The Federal Reserve and Bank of Japan make hotly awaited monetary policy statements; World Bank hosts panels on pensions and financial inclusion.


Monday, September 19: The World Bank holds its seventh Global Pension and Savings Conference in Washington. A report last month by the Pew Charitable Trusts estimated the shortfall among individual U.S. states to exceed $1 trillion.

Tuesday, September 20: Memphis-based global shipping and logistics company FedEx Corp. releases fiscal first-quarter financial results after market close. The company, whose stock is considered a bellwether for the overall economy, has beaten consensus analyst estimates for three consecutive quarters. Many analysts expect that a stabilizing macro environment over the three-month period ending in August was positive for the delivery firm’s bottom line. One potential dark cloud on FedEx’s horizon is the recent move by Amazon.com to operate its own air fleet.
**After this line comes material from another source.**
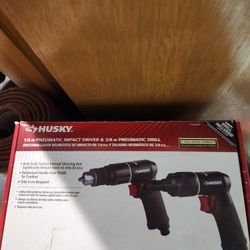 Air Impact And Drill . New In Box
Wednesday, September 21: The Global Symposium on Innovative Financial Inclusion, organized by the World Bank and Bank Negara Malaysia, gets underway in Kuala Lumpur. Global monetary and fiscal policy leaders, as well as private sector players, will discuss ways to bring the estimated 2 billion adults worldwide who are excluded from the worldwide financial system. Among the topics discussed will be the impact of mobile phone banking on monetary infrastructure in the developing world.

Wednesday, September 21: Both the Bank of Japan and the U.S. Federal Reserve are making monetary policy statements. While derivatives markets linked to interest rates suggest that the majority of investors expect no action from Fed Chair Janet Yellen and her fellow members of the Federal Open Market Committee just yet, opinions are mixed on what the Bank of Japan has in store. Some analysts have noted that Haruhiko Kuroda, governor of the Japanese central bank, and his colleagues may be tempted to announce an expansion of its quantitative easing program in part to offset the risk of a surprise tightening in the U.S. This past week Yasutoshi Nishimura, a senior economic advisor to Prime Minister Shinzo Abe, defended the use of negative interest rates as a positive catalyst for growth after comments in public by senior executives at banks that have suffered severe margin compression as a result.

Thursday, September 22: The National Association of Realtors releases data on U.S. existing homes sales. Expectations are for a strong showing, despite a slip in July when the annualized pace of transactions declined by 3.2 percent to a projected 5.39 million. Many property analysts concede, however, that the market may have hit a saturation point with key markets showing signs of softening in recent months. Last week the California Association of Realtors reported a 2.2 percent year-over-year contraction in single-family home sales.

Friday, September 23: For decades, city leaders in Las Vegas have worked to broaden the appeal of the desert oasis town beyond gambling, nightly concerts by maturing pop stars and all-you-can-eat buffets. This past week, the Southern Nevada Tourism Infrastructure Committee gave the nod to $750 million of funding toward a stadium for the new home of the National Football League franchise presently known as the Oakland Raiders. In the meantime, food lovers and music aficionados can sate themselves with the Life is Beautiful festival, a three-day festival featuring works by local and international artists; stands with food by celebrity chefs, and three days of concerts. Headliners on the 2016 include electronic act Major Lazer and U.K. indie-folk group Mumford & Sons. (Of note to Institutional Investor’s readers: The father of Mumford banjoist Winston Marshall is Paul Marshall, cofounder of $22 billion London-based hedge fund firm Marshall Wace).